The Generalizability of Cognitive Modeling Parameters
Doctor of Philosophy
Increased awareness of the importance of usability has stemmed from the realization that customer satisfaction and revenue generation are affected by usability. One method that can be used to evaluate usability is cognitive modeling, which can make quantitative predictions about human performance across different tasks and devices. However, it is unclear if cognitive models can accurately predict older adult performance. Trewin et al. (2012) proposed that parameters used in models for older adults may have to be specific to a task and/or device. The purpose of this research was to determine if task and/or device type must be accounted for in parameters used to model older adult performance in a cognitive architecture.

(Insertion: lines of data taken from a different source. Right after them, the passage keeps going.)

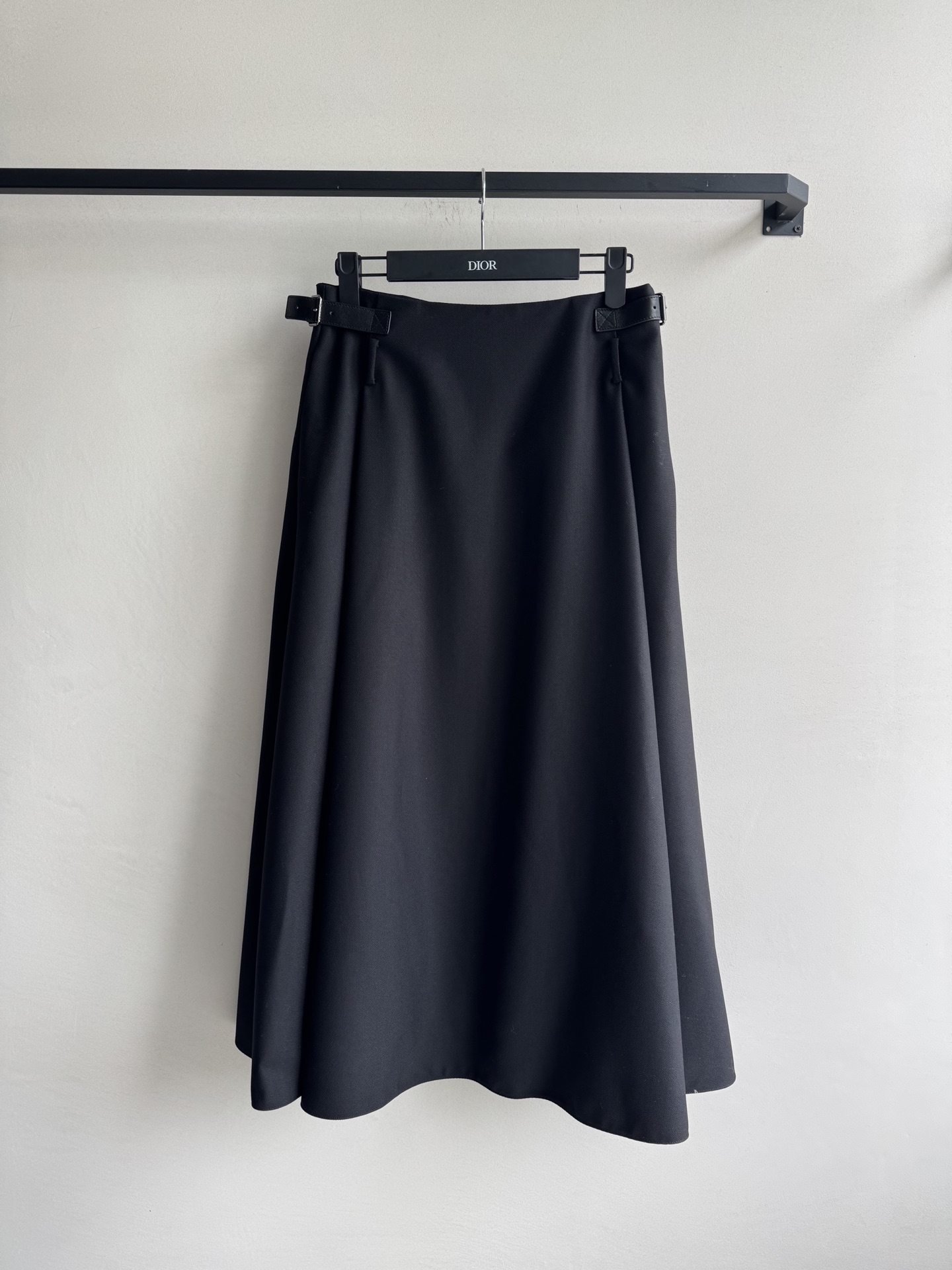 Dio*🆕（丝毛版本❗️）25FW新款A字版大裙摆半身裙🌟延续经典廓形❤️‍🔥喇叭形剪裁别具一格 廓形大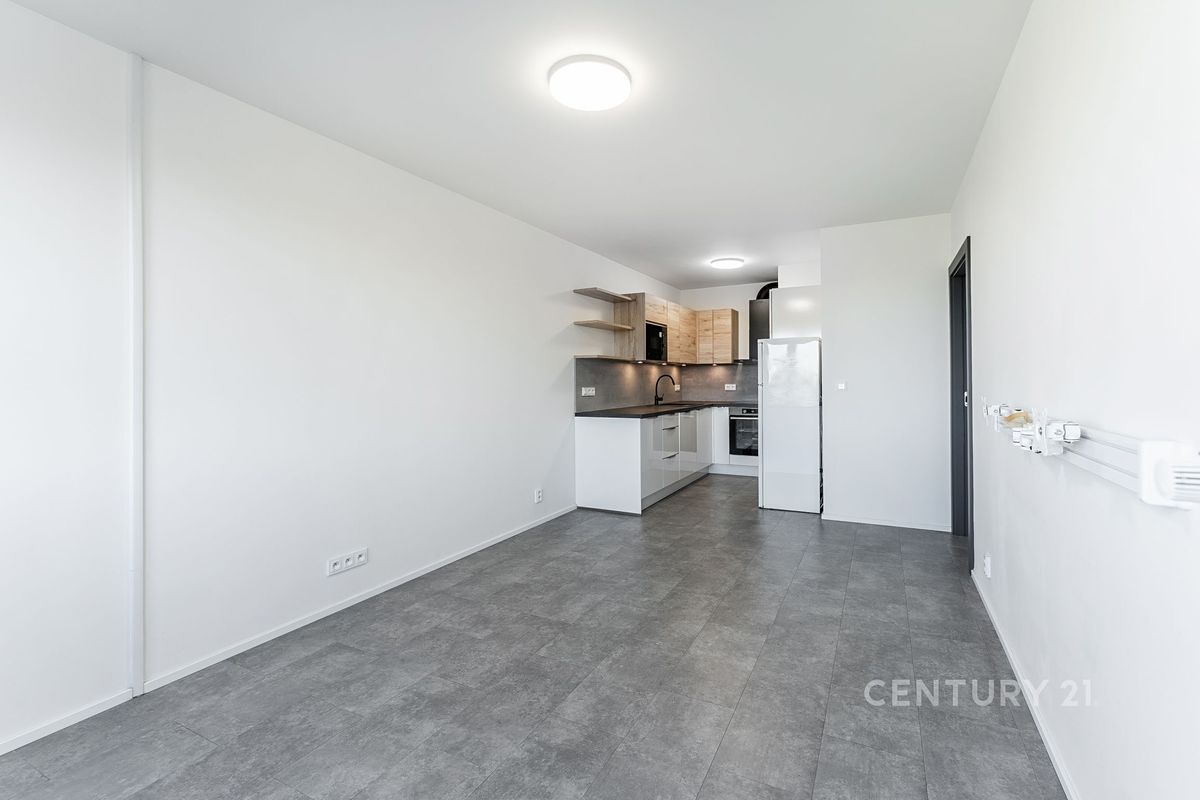 Pronájem bytu 2+kk 45 m² – fotografie 2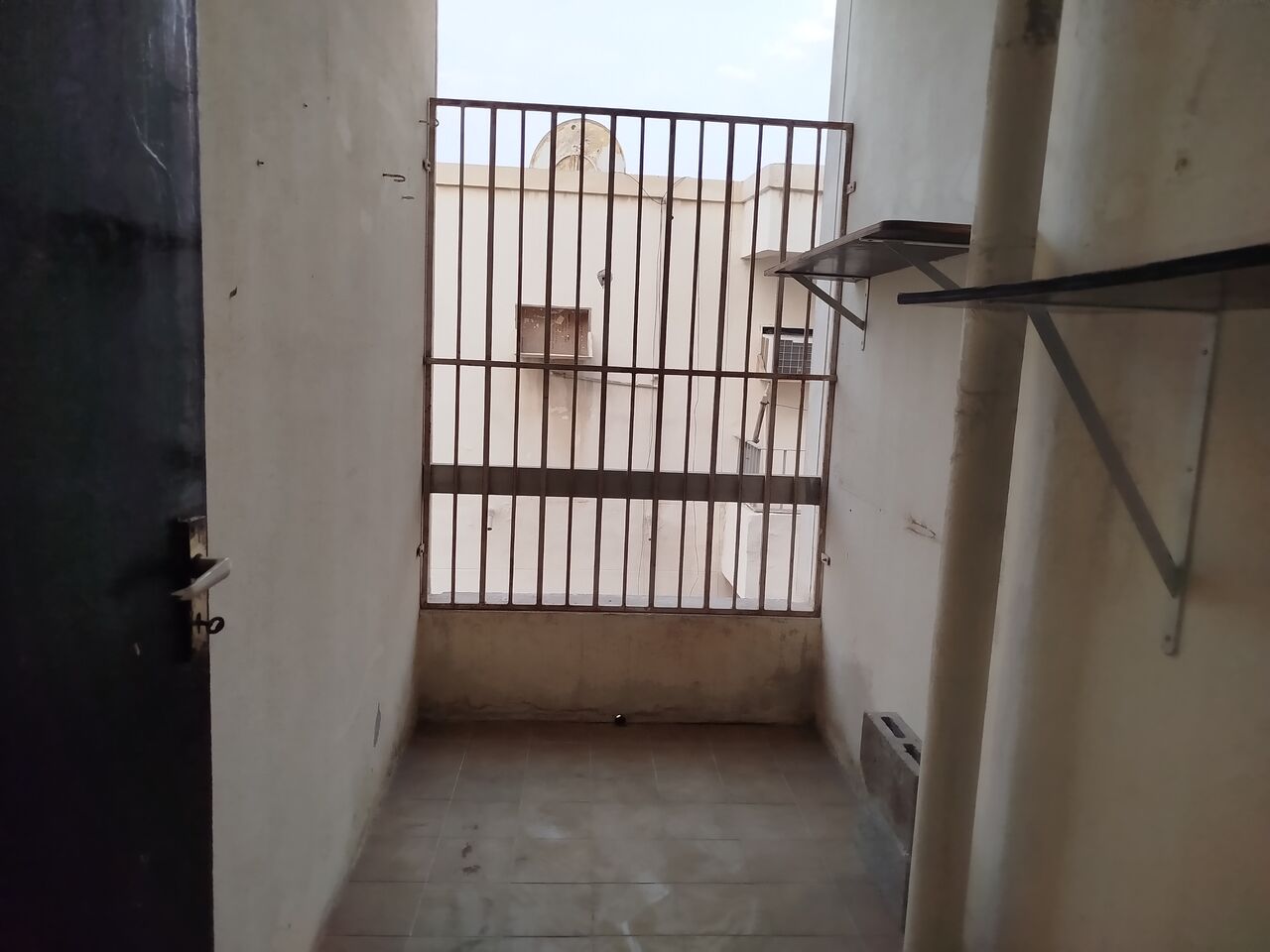 Salmaniya, Apartments, Flats, Houses & Villas, BHD 195/month,  2 BR,  1Bath Big Hall.Kitchen Balcony. .Lift. Unfurnished & Exclusive In -(((Salmaniya)))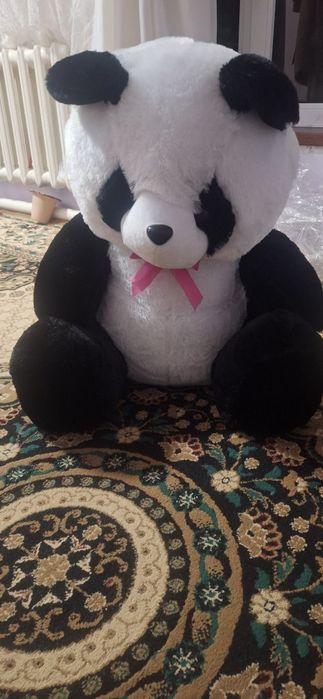 Myaxkiy igrushkalar sotiladi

Jastrzembski and Charness (2007) estimated architectural parameters for older adults and were able to successfully predict performance of tasks performed with a mobile phone. The current study investigated if these parameters generalize to different tasks and devices. In the experiment, older (70 years and above) and younger (18 - 39 years old) adults performed two tasks with two different devices. Overall, the results from the behavioral data showed that older adults performed more slowly than younger adults, however older adult’s performance varied across task. Performance differences between older and younger adults due to device were caused by strategy differences. Cognitive models of each task with one device were created using modeling parameters that represented older and younger adults. Then the behavioral data were compared to the models. The models were mainly slower than older and younger adults across each task. The results helped provide evidence that task and/or device type are important and should be incorporated into modeling parameters. However, strategy must be accounted for as well in order to accurately model older adult performance.